FDC: External reserves to slide below $43bn

Nigeria’s foreign exchange reserves will fall to $42 billion this month, analysts at Financial Derivatives Company Limited (FDC) have projected.

 

The analysts stated this in the September edition of the firm’s “Lagos Business School (LBS) Breakfast Session” presentation obtained by New Telegraph at the weekend.

 

According to the presentation by the Chief Executive Officer, FDC, Mr.

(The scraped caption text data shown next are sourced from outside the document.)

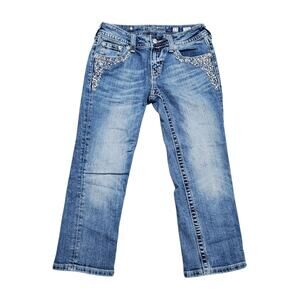 Y2k Miss Me Low Rise Embellished Capri Jeans Women's Size 27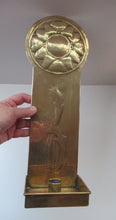 Load image into Gallery viewer, Antique Arts and Crafts Brass Wall Sconce with Candle Holder. Simple Sunflower Design
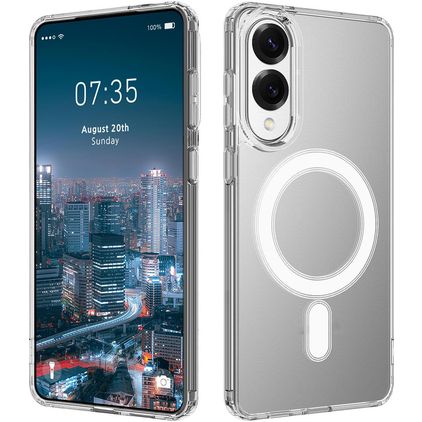 Mobigear Shockproof Doorzichtig Samsung Galaxy S25 Edge MagSafe Hoesje Hardcase Backcover - Transparant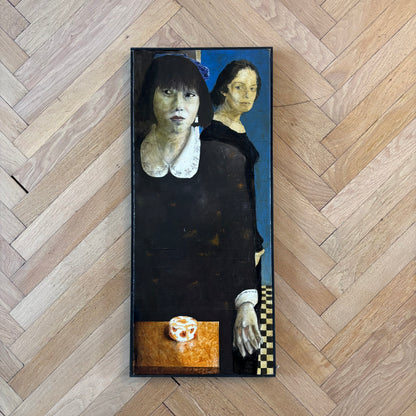 Tableau huile sur toile "La boîte à poudre", J. Harding - Ref 1343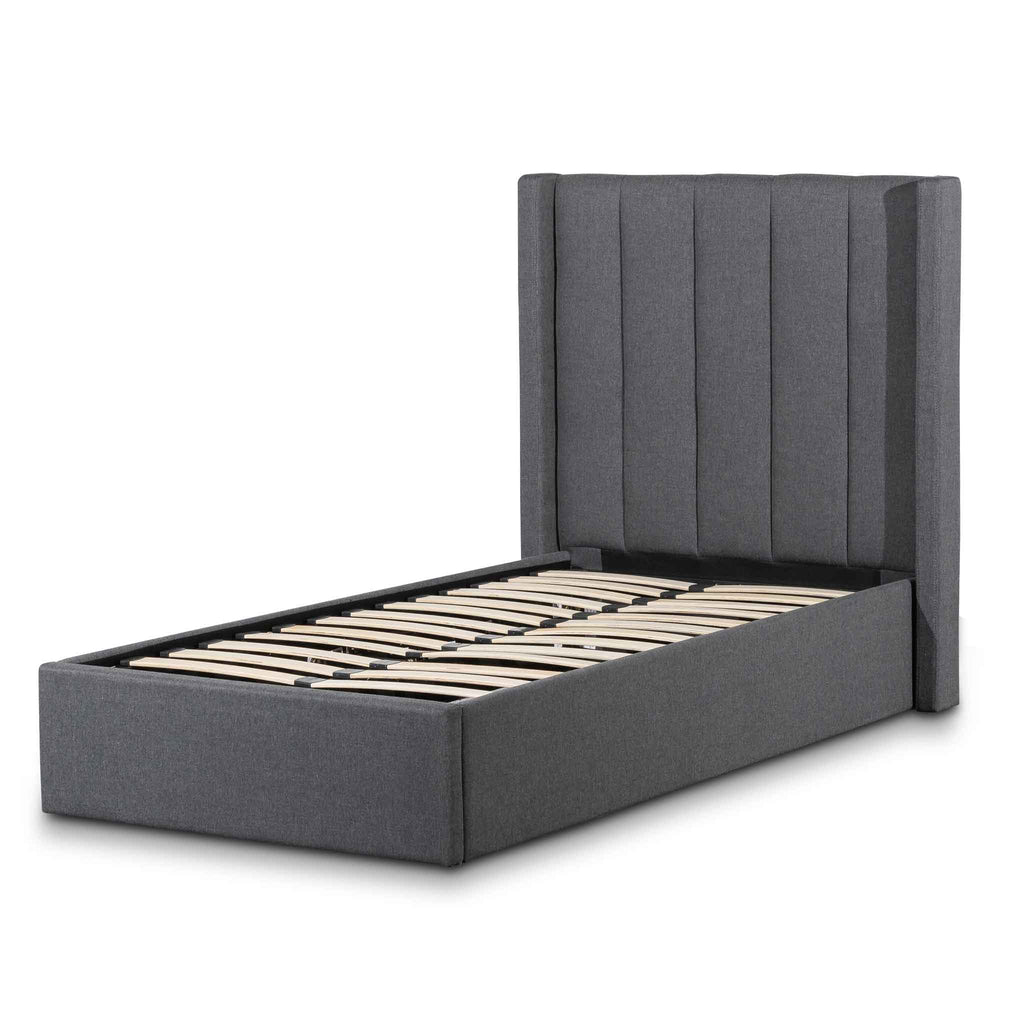 Fabric Single Lazio Bed Frame - Charcoal Grey with Storage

Bismarck Rewane, the projected drop in external reserves will be caused by lower oil prices as well as “increased activities at the Investors and Exporters’ (I&E) window.”

 

Latest data obtained from the Central Bank of Nigeria (CBN) shows that the country’s external reserves have continued on the downward trend.

 

As at September 4, 2019, the reserves stood at $43.19 billion, indicating a decline by $419.13million since August 30, 2019 when it dropped to a five-month low of $43.61billion.  

 

The external reserves have been on a downward trend in recent months, falling, for instance, from $45.18billion on June 10, 2019 to $44.90billion on July 31.

 

Financial experts attribute the decline to recent downward trend in oil prices, as well as lower foreign portfolio investment inflows.

 

But, according to the FDC analysts, the over $9billion UK court judgment secured by an Irish firm, Process and Industrial Development Limited (P&ID), against the Federal Government for contract violation, could result in further depletion of the country’s external reserves.

 

The analysts stated that the $9billion awarded against the Federal Government, which according to them was not “unusual,” accounted for 20.55 per cent of the nation’s dollar buffers and would “likely depress the external reserves further.”

 

They also projected that with the reserves heading south, the naira would depreciate to between N362 and N363 per dollar.

 

In a recent note, analysts at Cowry Asset Management Limited had predicted that the naira would likely depreciate against the dollar across the different forex market segments last week.

 

Although the analysts did not provide the exact margin by which they expect the naira to decline against the dollar, they noted that while the local currency closed flat against the greenback across market segments in the upper week, it was likely to weaken last week, “amid decreasing external reserves.”

 

Commenting on measures recently adopted by the CBN to boost economic growth even as it tries to maintain exchange rate stability, Fitch Ratings stated  that “the competing goals of preserving naira stability and supporting Nigeria’s fragile recovery are pushing the CBN towards increasingly complex policy measures, with a risk of aggravating external vulnerability or causing macroeconomic distortions.

 

“We expect the CBN to continue to pursue a combination of tight liquidity management, segmented exchange-rate markets, and foreign-exchange interventions and restrictions. It will be aided by ample international reserves of more than six months of expected 2019 current account payments, and a small current account surplus conditional (we estimate) on Brent prices averaging at least $60 a barrel.”